A Blog by the Editor of The Middle East Journal

Putting Middle Eastern Events in Cultural and Historical Context

Friday, April 24, 2015

April 24, 1915

Armenian deportees, April 1915 (Wikipedia)
"Who, after all, speaks today of the annihilation (Vernichtung) of the Armenians?"
—Adolf Hitler to the Wehrmacht on the eve of invading Poland, 1939


April 24, 1915, was a critical moment for the Ottoman Empire during World War I. Allied navies were gathered just outside the Dardanelles and on the next day, April 25, would land at Gallipoli. In the east, Russian advances into the Empire's Armenian region had already provoked an Ottoman crackdown in Van, which in turn led local Armenians to create self-defense forces to defend themselves. Fighting erupted in the city of Van, which the Ottomans  characterized as a revolt, on April 17. When the Russian Army sought to advance to relieve Van, this further convinced the Ottoman authorities that the Armenian population was what it a later war would be called a Fifth Column.

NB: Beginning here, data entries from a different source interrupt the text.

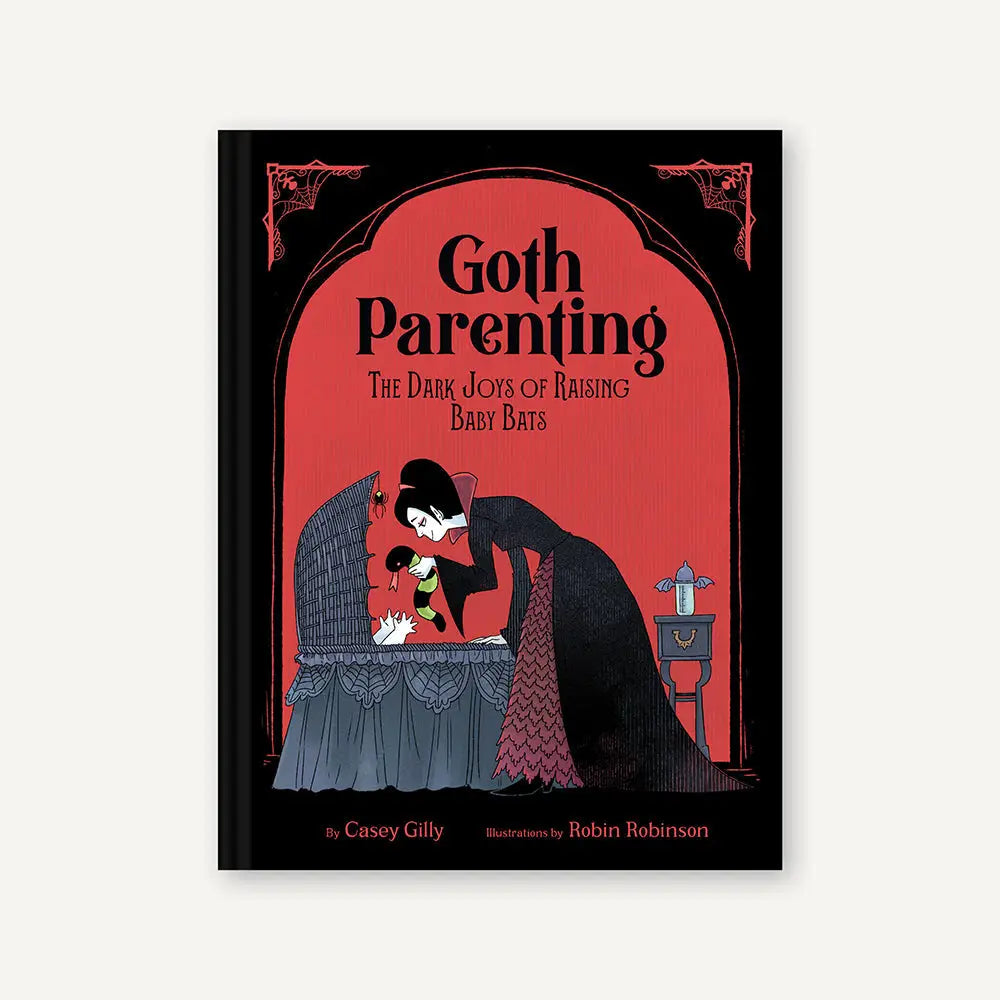 Goth Parenting- The dark Joys of Raising Baby Bats!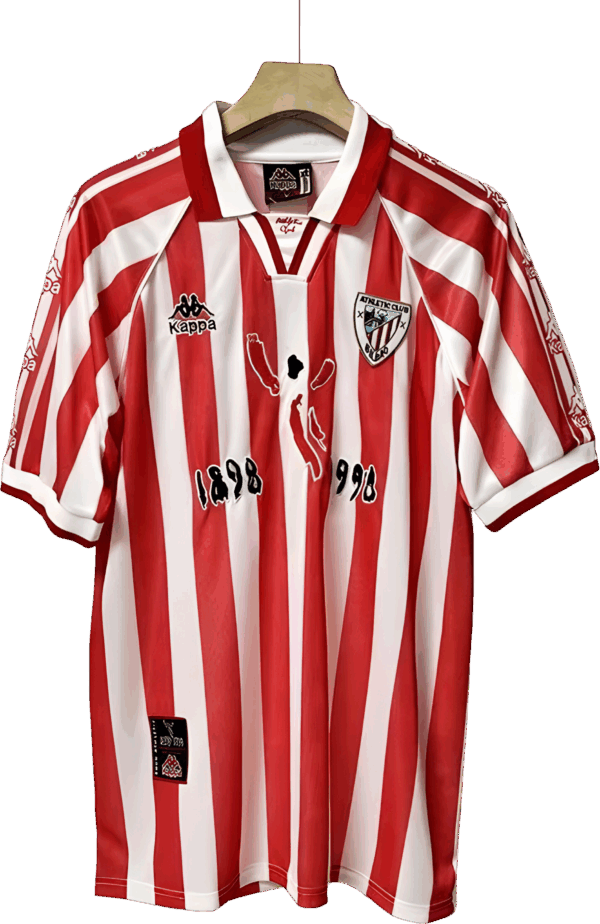 Camiseta Retro Athletic Bilbao 1997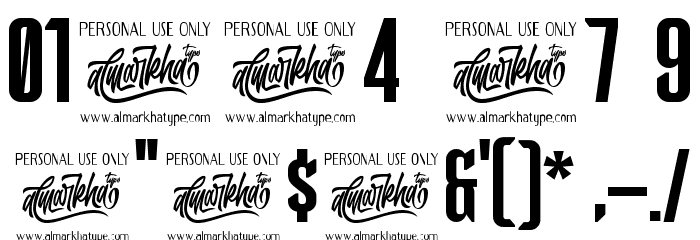 Delluza Font OTHER CHARS
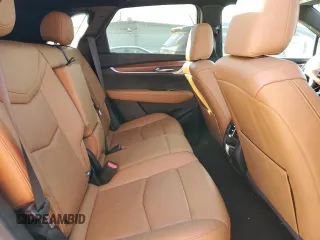 2023 Cadillac XT5 AWD Premium Luxury with VIN 1GYKNDR44PZ196239, listed as a Copart auction lot 79122674 with 20,226 mi miles and Salvage Title. Bid and sale history available at DreamBid. Image 12.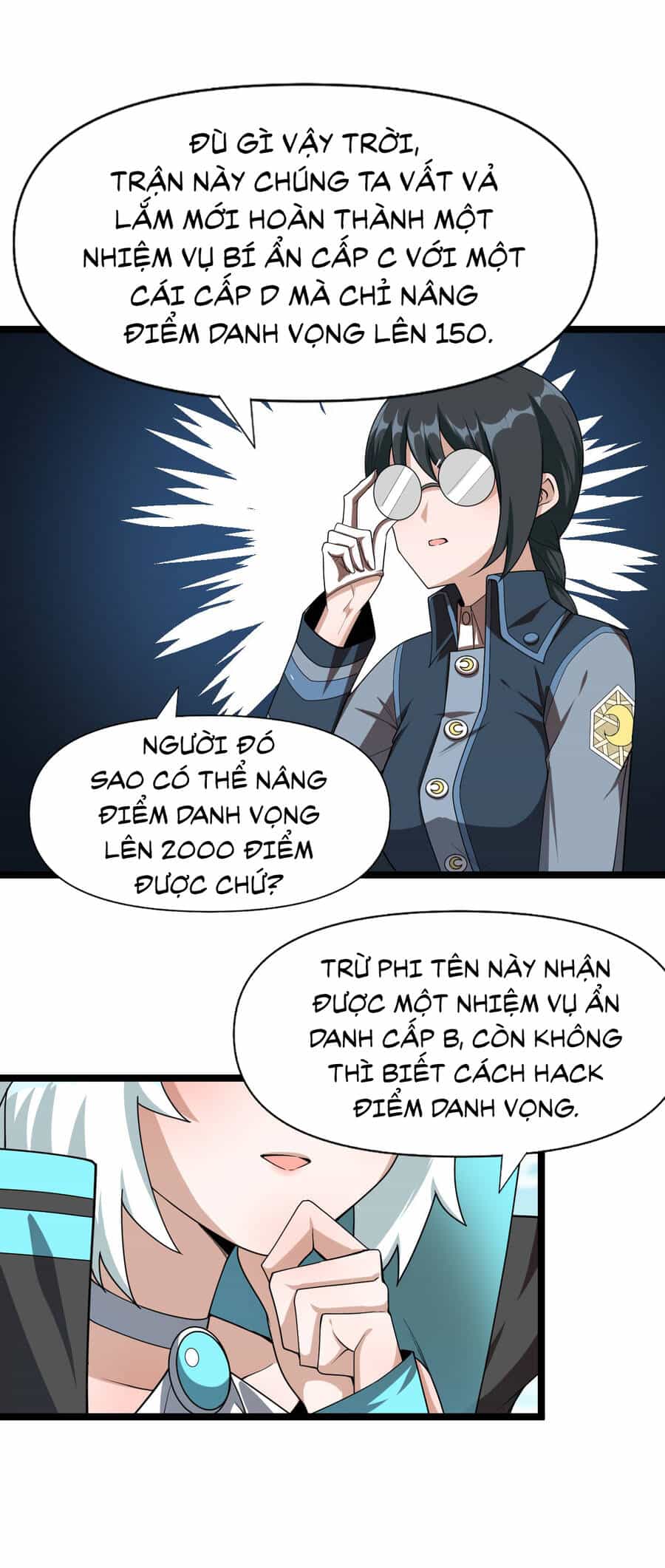 Thử Nghiệm Nghìn Năm Cuối Cùng Trò Chơi Cũng Bắt Đầu - Chương 3 - ảnh 16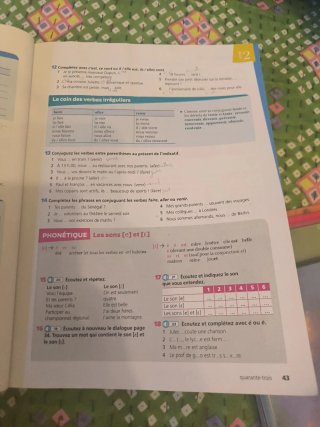 Exploits 1 méthode de français : livre de l'élè...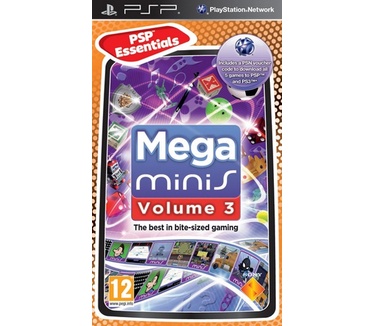 Packshot voor Mega Minis: Volume 3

There is evidence that the decision to begin the arrest and deportation of Armenians had already been decided on before April 24, but that date, a century ago today, came to be identified by Armenians as the beginning of the agony. It was the date on which more than 200 Armenian intellectuals in Constantinople were arrested, removing much of the leadership of the Armenian community in thee capital; it became known as "Red Sunday."

The death of 1.5 million people as a direct result of state action seems to most people to meet the definition of genocide under international law, but the persistent refusal of the Turkish Republic to accept the use of the term, and to continue to protest its use by others, has kept a century-old wound still fresh in both Armenia and the diaspora. But Armenians have not forgotten.